Running transient servers with serverless

It would seem to me like the writings on serverless making rounds on the web recently are quite polarising. On the one hand there are countless tutorials on building web apps around FaaS offerings, that promise infinite scalability and reduced cost, but seldom delve into the reality of developing and operating such systems. Critical posts too can be short sighted, decrying the deficiencies of trying to fit a square peg into a round hole. In my experience serverless tools are not an all-or-nothing proposition. To demonstrate this, I decided to write about a real world example of using AWS Lambda to optimise running periodic jobs on EC2 instances.

Challenges of running periodic jobs

Periodic jobs are used for various tasks, like data analysis, log processing or creating backups. A simple implementation might use crontab to schedule processes on a single *nix machine. This can be sufficient for many projects, but the approach does present some notable problems. Server failures are inevitable, if the one instance is not running, neither are the jobs configured on it. Resources like CPU, memory and bandwidth have to be provisioned with the most expensive task in mind, which is wasteful when executing less demanding work. So there's room for improving reliability and efficiency.

A popular way to address these problems is to run applications as containers using a tool like Kubernetes or ECS, which distribute the workload over a number of machines. However, the overhead of configuring and operating such compute clusters can be unreasonable, unless the size of the system is large enough for the benefits to outweigh the costs.

The pitch of serverless compute services is quite appealing - get the reliability and efficiency benefits of a cluster without the management overhead. The reality is more complex and diving into it deserving of its own writeup. At the very least though, the limits of Lambda often mean tailoring your systems implementation to it, which can incur significant development cost. Fargate is more flexible, allowing you to run containers without a dedicated cluster, but it does not shield you from the complexity of ECS.

Choosing the right tool

I found myself evaluating these options while working on a system deployed to AWS. At its core were a set of jobs running several times a day in multiple regions.

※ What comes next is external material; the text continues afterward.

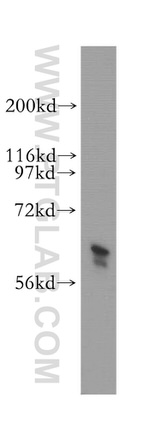 TROVE2 Antibody in Western Blot (WB)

Their requirements meant using rather beefy instance types, but the total running time of each invocation would barely exceed an hour. This meant the servers would spend the majority of their time burning resources while idle.

The particular nature of these processes meant that no amount of wizardry would make them fit for Lambda, quickly ruling out that option. While digging through the ECS documentation and learning about Task Definitions and Services, it also looked like overkill for a system that would only need to run a single job.

Looking for a simpler solution led me back to Lambda. Perhaps I could just use it as a scheduler and leave the actual heavy lifting of the job to regular old EC2 instances? Some of the provided runtimes already include the AWS SDK and being able to launch and terminate instances with it would be a matter of crafting an appropriate IAM Role and a few lines of code. The actual scheduling would be trivial with a CloudWatch Events Rule targeting the Lambda function.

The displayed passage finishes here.